SUPPLIED INFORMATION: Begin

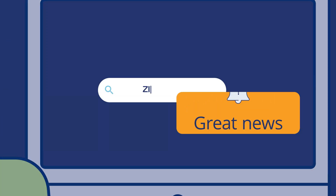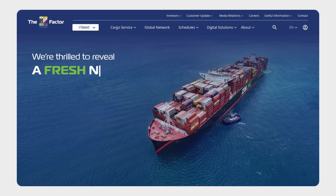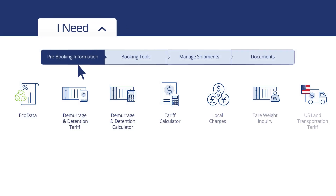Great news from Zim! We're thrilled to reveal a fresh new look on our homepage. Say hello to the I Need feature — a game-changer designed with what you need in mind.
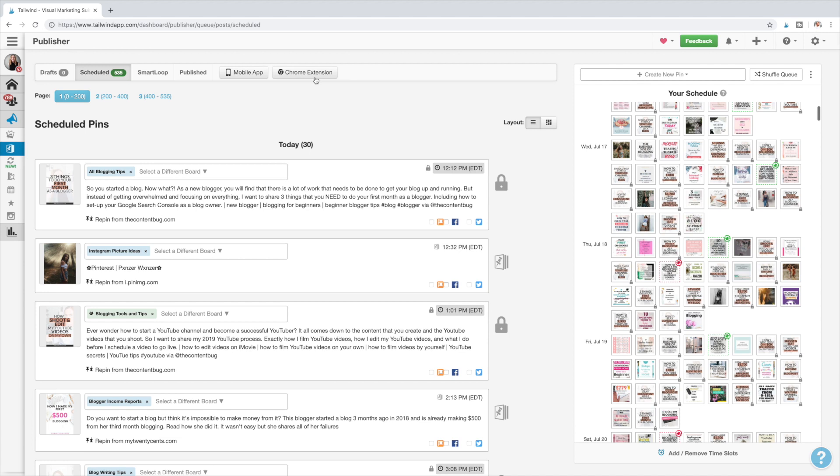Tailwind is pretty cool because there are several ways to add pins to your Pinterest schedule, but I'm going to show you the two main ways that I use. The first way is with the Tailwind extension — you can download it to your internet browser. The second way is through Tailwind Tribes. I would recommend that you fill up your schedule with your own pins first. I like to use the interval tool, and those pins with the lock icon are my pins because I use that tool.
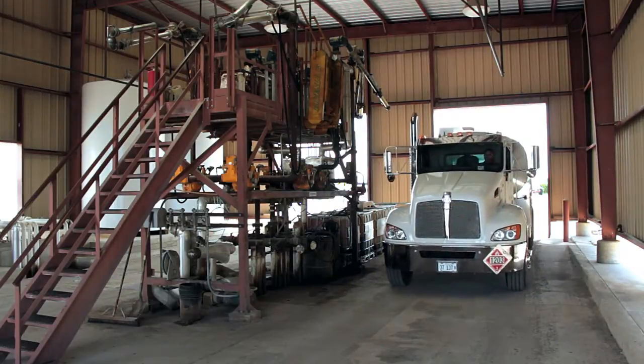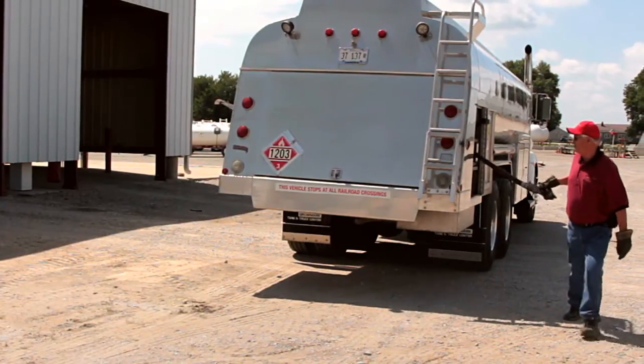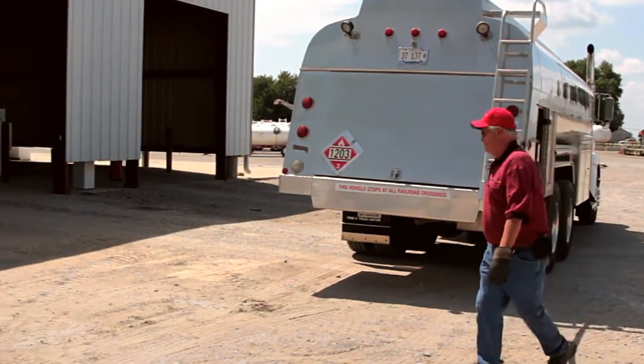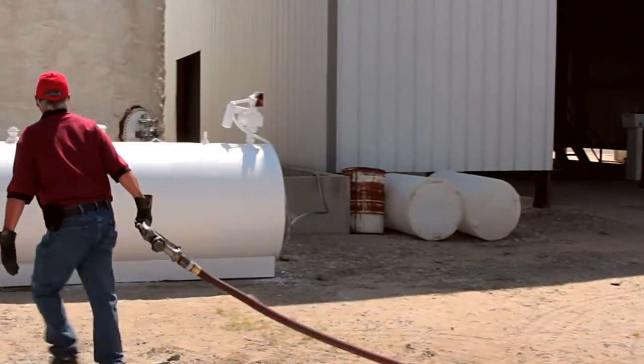Here at Agman, we want to make sure everything's done correctly so we can do it right the first time and don't have any issues. So everything we do, we filter it in, we filter it out. The first thing we do before we take on any new customer, we make sure their tank bottoms are all clean. If they're not, we've got a tank cleaner that we actually use to clean the tanks out and make sure all the fuel in there is clean and ready to go.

SUPPLIED INFORMATION: End

Reproduce all of the material above word for word. Omit the pictures.

Great news from Zim! We're thrilled to reveal a fresh new look on our homepage. Say hello to the I Need feature — a game-changer designed with what you need in mind.
Tailwind is pretty cool because there are several ways to add pins to your Pinterest schedule, but I'm going to show you the two main ways that I use. The first way is with the Tailwind extension — you can download it to your internet browser. The second way is through Tailwind Tribes. I would recommend that you fill up your schedule with your own pins first. I like to use the interval tool, and those pins with the lock icon are my pins because I use that tool.
Here at Agman, we want to make sure everything's done correctly so we can do it right the first time and don't have any issues. So everything we do, we filter it in, we filter it out. The first thing we do before we take on any new customer, we make sure their tank bottoms are all clean. If they're not, we've got a tank cleaner that we actually use to clean the tanks out and make sure all the fuel in there is clean and ready to go.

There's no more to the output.